In my silence, Zeke continued. “I think the police acted far too rashly by arresting Bobby on such thin circumstantial evidence. This isn’t going to stick without hard evidence. And no. I don’t think Bobby’s a murderer.”
“Really?” I asked. “So what do you think?”
“That there’s someone out there who wants us to think he is.”
***
Guilty or innocent, there’s something so wrong about walking into the lockup – and willingly too. It’s like a sense of guilt by association. Like they’re never gonna let you leave once you step past the gates and hear that ominous clang when they slam the doors shut.
I had no idea what all Zeke had told them when he called to clear the path for me to visit. Wouldn’t put it past him to have me booked on drunk and disorderly for some past infraction. Was there a statute on slapping a cheating boyfriend?
With dark circles under deer-in-the-headlight eyes, Bobby looked like death warmed over. Blond hair stood at all angles like he’d spent the night fisting it in frustration. His tall frame slumped into a chair on the other side of the glass, while the accompanying guard held the wall up behind him like he had a rod up his – er, spine. If the situation weren’t so dire, it would’ve made me laugh to think the squat guard could’ve stood a chance against his charge. Physically Bobby was present, but I couldn’t say the same for his mental state.
“I’m at a loss, Vic,” Bobby mumbled into the two-way speakerphone. “Why is this happening?”
“Don’t worry, Bobby,” I soothed. “I’m here for you. So is Zeke. He’s checking into all this right now.”
That brought Bobby’s glazed eyes to mine. “Zeke’s helping me?”
I nodded. “Neither of us believe the charges against you.

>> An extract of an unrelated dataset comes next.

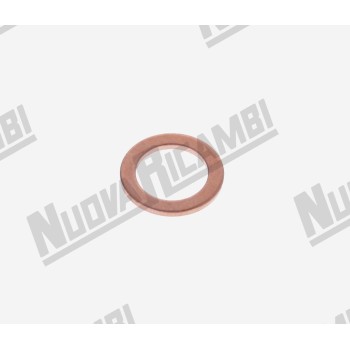 Мідна прокладка кришки групи рівня - Ø 15x10x1мм - для RANCILIO Z9/ Z11/ S20/ MILLENIUM Мідна прокладка кришки групи рівня - Ø 15x10x1мм - для RANCILIO Z9/ Z11/ S20/ MILLENIUM
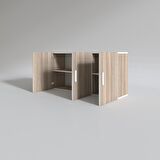 Kenzlife hazır mutfak dirca22 crd 060*120*22 mutfak banyo dolabı kapaklı raflı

Zeke said it’s probably some overzealous anti-religion idiot at the DA’s office, especially if all they’ve got is that empty medicine bottle from your curbside trash.”
“I’ve been sitting here all night wondering if this is how Jesus felt when He was wrongly accused.”
Leave it to Bobby to tie circumstances to the spiritual. Just as long as we didn’t have a crucifixion or a giant earthquake that loosed his chains and opened the jail doors, we’d be fine.
“When do you go before the judge for preliminaries?” I asked.
“Sometime later this morning.”
“No worries then. Your parents will cover whatever bond is set, and you’ll be out of here by noon.”
“If they will,” Bobby responded. “After the phone call in the middle of the night, I haven’t heard or seen hide nor hair of them.”
“Wait,” I said. “They haven’t even visited you?”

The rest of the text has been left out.